Ces termes s’appliquent au programme automnal mais aussi au rapport à l’histoire de la danse de la compagnie depuis les directions de Françoise Adret, Yorgos Loukos et Julie Guilbert. Le legs étant ici double : celui du classique (du baroque revisité) incarné par Jiří Kylián, avec son emblématique Bella Figura (1995) et du postmoderne propre à Trisha Brown et à sa pièce de 1983, Set and Reset, rebaptisée Set and Reset / Reset lors de sa mise à jour en 2005 par l’Opéra des gones. Le renouveau venant, une fois encore, de Belgique, avec le solo stupéfiant signé Jan Martens, Period Piece (2020) interprété par sa créatrice, la virtuose Kristina Bentz.

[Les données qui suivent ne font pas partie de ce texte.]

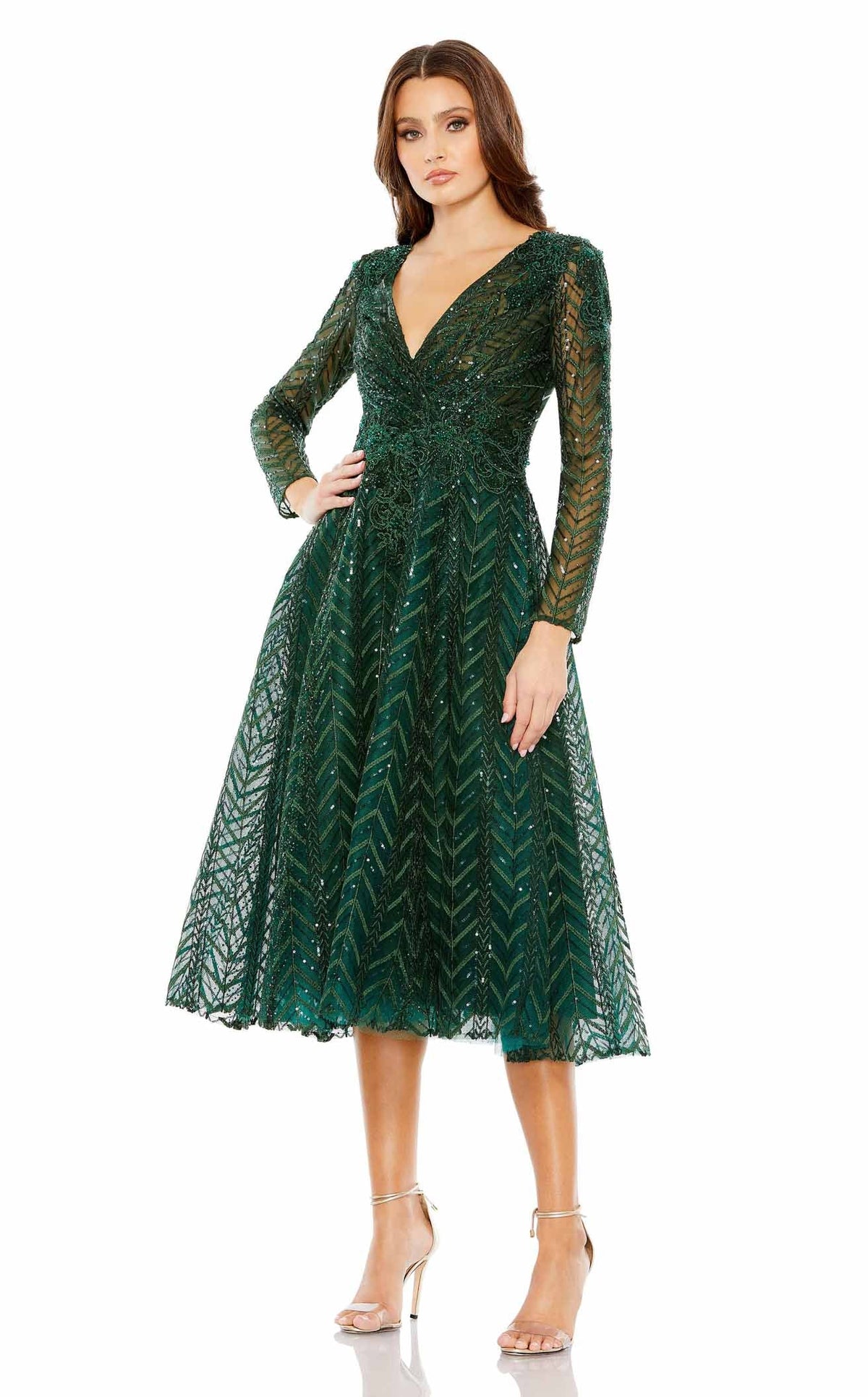 Mac Duggal - Taupe Sequin Embellished Long Sleeve Wrap Dress - US 20 Mac Duggal - Taupe Sequin Embellished Long Sleeve Wrap Dress - US 20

Pour des raisons techniques, probablement, l’ordre de passage des œuvres a été changé depuis les premières annonces du programme. Et il est vrai que, malgré l’année de son homologation, le ballet de Kylián, qui aurait dû passer en premier, donne la sensation de dater bien plus que celui de Brown. Ce n’est pas qu’une question de style ou de genre chorégraphique. Tout est impec dans la structure de la pièce, dans son écriture (comme on dit aujourd’hui), dans les variations, les duos, les pas, les portés, les sauts, les enchaînements. Tout est plaisant à l’oreille, de Lukas Foss à Torelli, en passant par Pergolèse, Marcello et Vivaldi. Paradoxalement, c’est la mise en scène qui a un côté vieillot, avec ce clair-obscur dominant, ce long jeu de cache-cache avec le rideau, les effets Laterna magika, le spectacle commencé avant l’arrivée du public…
Tel n’est pas le cas de la nouvelle version de Set and Reset. Toute théâtralité a été revue et corrigée. L’accessoire a été laissé au vestiaire, aussi bien la vidéo, qui eut son (quart d’) heure de gloire dans les années 80, que les pendillons (ou pendrillons) prévus au départ par l’auteur de l’idée, Robert Rauscheberg, ici remplacés par de simples panonceaux en dur disposés de part et d’autre du plateau. De même, les costumes ont été allégés, mis au goût du jour, débabaïsés. Enfin, ou, plutôt, au début, il y a cette belle et double sculpture mobile schlemmérienne conçue par Michael Meyers (deux sabliers mappés en fil d’acier) surplombant la scène, dont on fera peu usage mais qui matérialise l’espace-temps de la danse en général et de Trisha Brown plus particulièrement : la finesse, l’épure, la délicatesse, la fugacité.
Comme le précise le programme de la soirée signé Raphaëlle Blin, Jan Martens a voulu mêler danse à l’ancienne et nouveaux horizons chorégraphiques. Ce qu’il a formidablement réalisé puisque la prestation obtenue de la soliste est une démo multigenre qui enchaîne, en moins de temps qu’il ne faut pour l’écrire, voltes, sauts, manèges classiques, demi et trois-quarts de pointes, séquences en chaussettes puis les pieds nus, cris suraigus destinés à marquer les temps forts, les pauses musicales, les poses corporelles, à se soulager et/ou à se surmotiver, comme au bon vieux temps du chahut – celui du french cancan. Sur la pompe musicale de Górecki diffusée à fond la caisse, Kristina Bentz et ses doublures, Eleonora Campello et Kaine Ward, ont pour rude tâche de remplacer en solo la troupe entière. Mission impossible mais bel et bien accomplie.